Posted At: April 9, 2008 12:11 PM
by Taryn Ely
What do you think when you think of large public relations firms? Do you think of big offices and high-power professionals? There is probably one thing you haven’t thought of: philanthropy work.
Many public relations agencies adhere to corporate social responsibility requirements. In other words, the practitioners often do two forms of charity work. Sometimes they do public relations work for free, and other times they participate in philanthropic events.
Two of America’s most notable public relations firms, Ketchum and Manning Selvage & Lee, both practice active corporate social responsibility. Ketchum was ranked second in 2008 among Corporate Responsibility Officer Magazine’s “Top 10 PR Firms in Corporate Responsibility” list, while Manning Selvage & Lee was named first in service.
Ketchum in action
According to Ketchum’s Web site, some of the firm’s volunteer work is a result of certain clients. In August 2005 the Louisiana Recovery Authority was developed to help with the Hurricane Katrina relief effort. Ketchum helped design the communication campaign: “The Road Home.” The campaign highlighted Louisiana’s contribution to American culture. The program targeted Congress, sending thank you notes with King Cake and Mardi Gras beads to congressmen who showed their support.
Involvement with the Louisiana Recovery Authority led 25 partners to volunteer with Habitat for Humanity in New Orleans’ Ninth Ward in November 2006. One year later, Ketchum employees again contributed to Habitat for Humanity in New Orleans as they helped restore Wilson Elementary School.
Ketchum also participates in several ongoing projects. In its office in Sao Paulo, Ketchum raises awareness for the Brazilian Cancer Association and provides public relations services to ONG Alquimia, which seeks to help needy children. Additionally, in Ketchum’s Atlanta and Chicago offices each employee participates in an annual 24/7 Brainstorm. During a 24-hour period associates work on communication strategies for local nonprofits that can’t afford public relations efforts regularly.
Ketchum’s largest pro-bono relationship is with the World Economic Forum’s Global Health Initiative with which it has been active since 2004. This program addresses HIV/AIDS, tuberculosis and malaria in developing countries. Ketchum has worked on message development and created a network for global healthcare communicators to share information with each other and the media. Additionally, Ketchum has initiated efforts in sub-Saharan Africa, China and India. It’s not surprising that this firm was ranked one of the most active in the corporate social responsibility realm.

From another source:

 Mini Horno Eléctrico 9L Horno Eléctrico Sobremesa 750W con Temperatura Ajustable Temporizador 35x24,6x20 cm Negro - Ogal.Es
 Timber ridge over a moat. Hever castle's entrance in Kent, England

The community service tycoons
Manning Selvage & Lee’s Web site also boasts a long list of community service endeavors. In 2007 Manning Selvage & Lee (MS&L) won a SABRE award for best workplace initiative for their staff volunteer program “Change minds, Change lives.” The initiative’s main philanthropic endeavor is in association with the Hands on Network which connects 370 civic organizations helping facilitate local community service opportunities. As a whole the branches participate in events sponsored by clients, and most offices offer their services for local nonprofits. MS&L also encourages employees to volunteer individually.
The New York City office has an annual program called “Winter Wishes,” which donates clothes and toys to children in need. Practitioners in most offices also participate in food drives. Additionally, offices in London, New York and Dubai are currently working on reforestation in Mexico.

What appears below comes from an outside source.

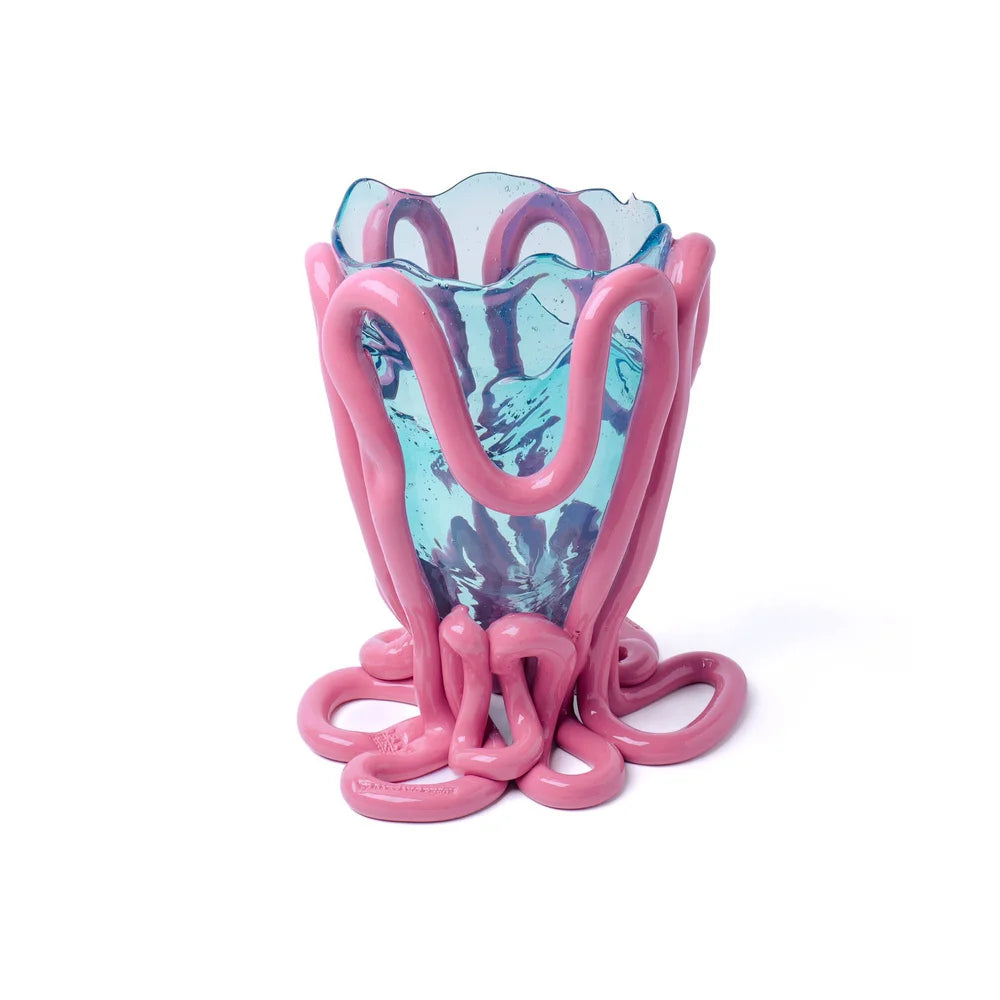 Indian Summer Vase M Aqua & Mauve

MS&L’s Atlanta branch just finished providing services for the Center for Puppetry Arts assisting with marketing guidance and promotion of programs. Finally, in Boston, offices have established a two-year, $100,000 grant that will aid the local Boys & Girls Club of Boston with communication efforts and media relations guidance.
The thousands of hours of volunteer work represented by these two firms are just a small fraction of the pro-bono work and volunteer activities done by public relations professionals across America. Maybe when future practitioners think of public relations, instead of fancy offices and nice suits, they will think about holding a hammer and helping others.
Ketchum Inc. (2008). Corporate Citizenship. Retrieved Feb. 18, 2008, fromhttp://www.ketchum.com/corporate_citizenship.
Manning Selvage & Lee Worldwide Communications (2008). Corporate Citizenship.Retrieved Feb. 18, 2008, from http://www.mslpr.com/about-us/corporate-citizenship.
CRO Corp LLC. (2006-2007). CRO’s Top 10 PR Firms in Corporate Responsibility 2008. Retrieved Feb. 18, 2008, from http://www.thecro.com/node/625.
What will you be able to offer future potential employers in the area of community service?